Work required » Would you return exactly the lines below from the line with "TRF FLARED MID-RISE JEANS-Blue - 7" through the line with "PRADA Mini Saffiano Cross body bag BT0970", both included, and nothing else, leaving out the pictures?

● ● ● ● ● ● ●

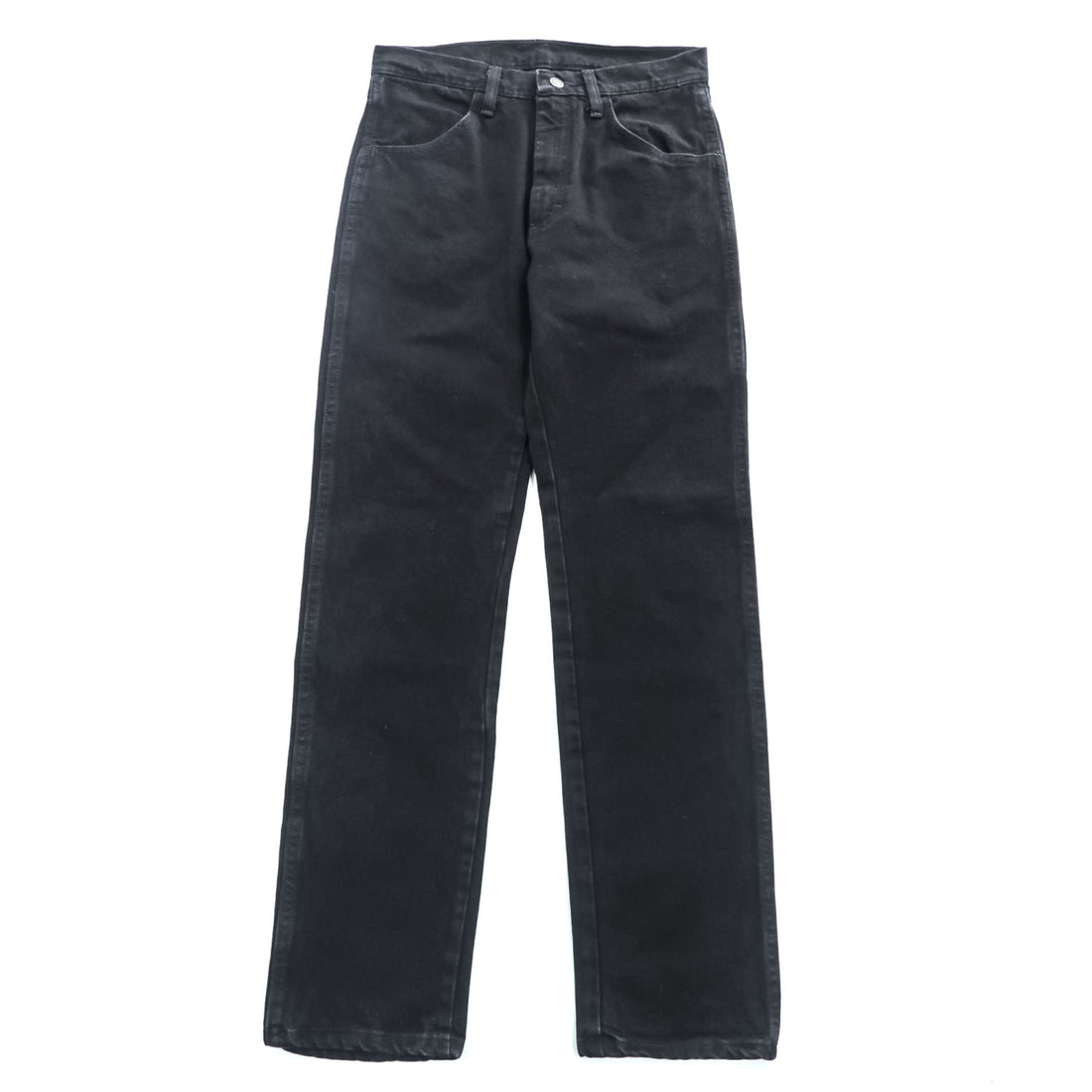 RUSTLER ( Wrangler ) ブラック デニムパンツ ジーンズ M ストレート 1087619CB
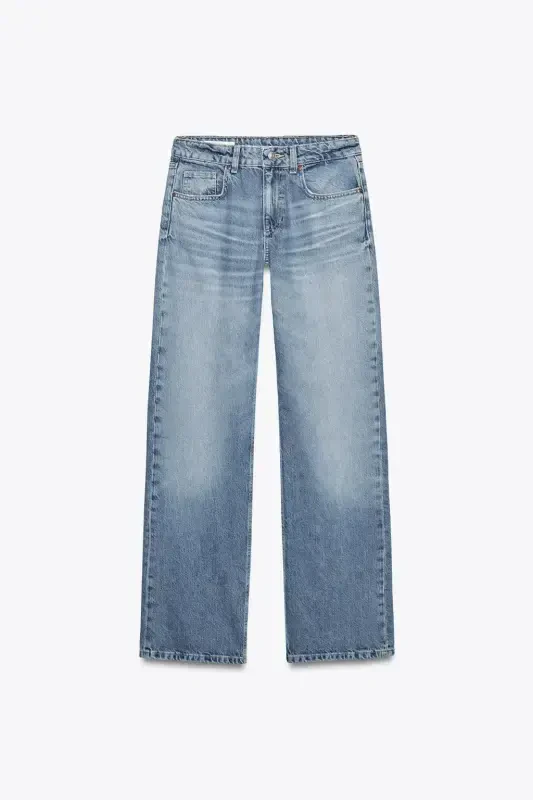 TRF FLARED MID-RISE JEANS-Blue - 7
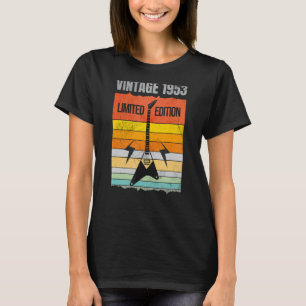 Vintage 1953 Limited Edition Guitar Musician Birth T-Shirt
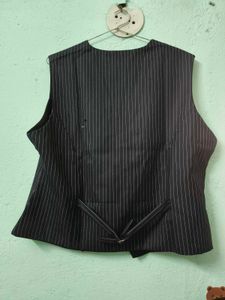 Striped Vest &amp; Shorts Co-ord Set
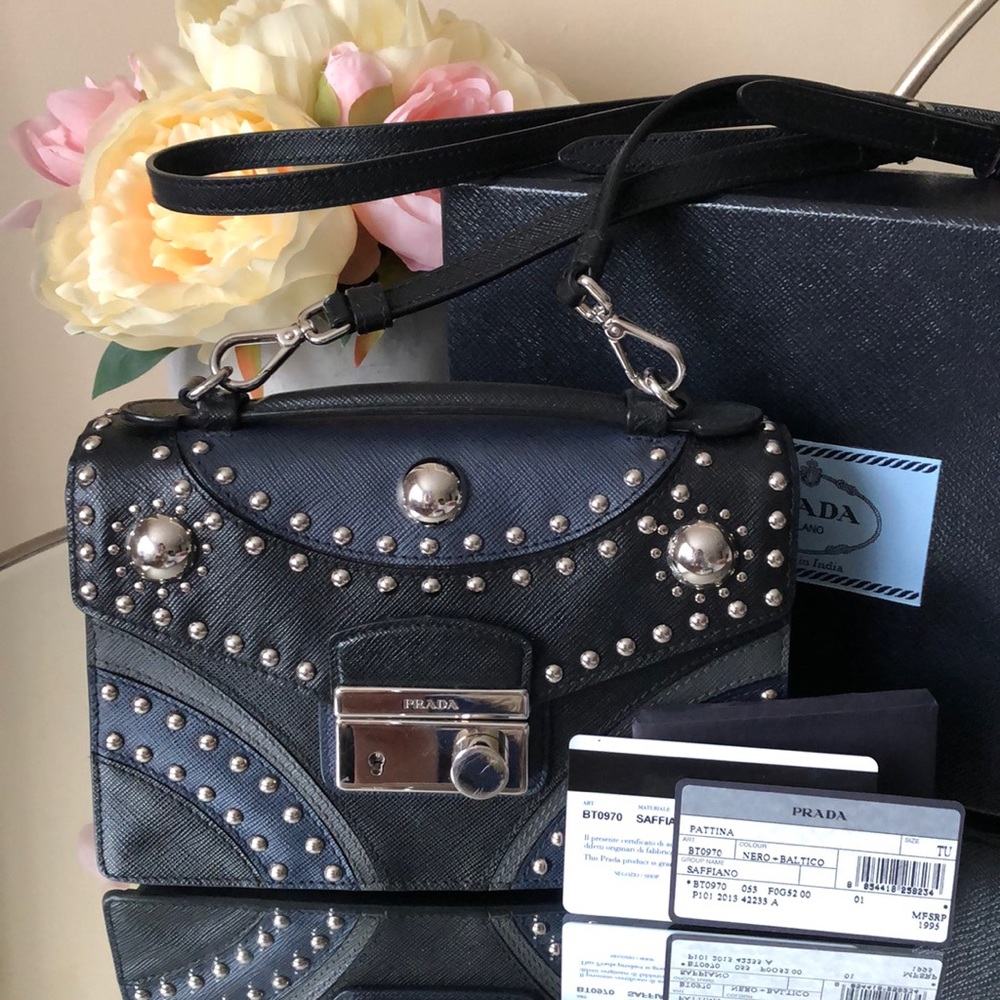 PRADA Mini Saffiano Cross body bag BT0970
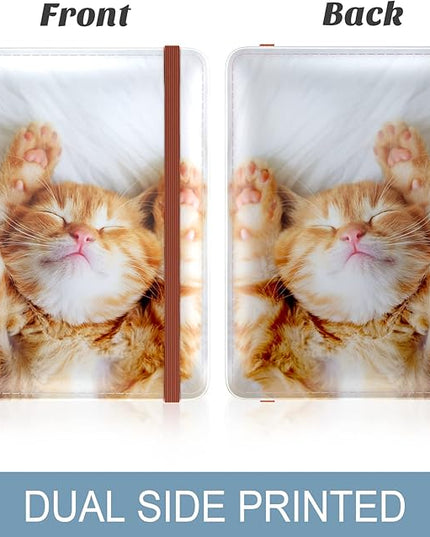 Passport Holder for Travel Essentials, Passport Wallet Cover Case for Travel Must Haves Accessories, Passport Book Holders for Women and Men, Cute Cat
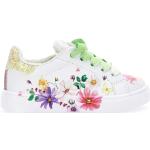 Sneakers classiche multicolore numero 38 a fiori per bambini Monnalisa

● ● ● ● ● ● ●

Result of this task »
 TRF FLARED MID-RISE JEANS-Blue - 7
 Vintage 1953 Limited Edition Guitar Musician Birth T-Shirt
 Striped Vest &amp; Shorts Co-ord Set
 PRADA Mini Saffiano Cross body bag BT0970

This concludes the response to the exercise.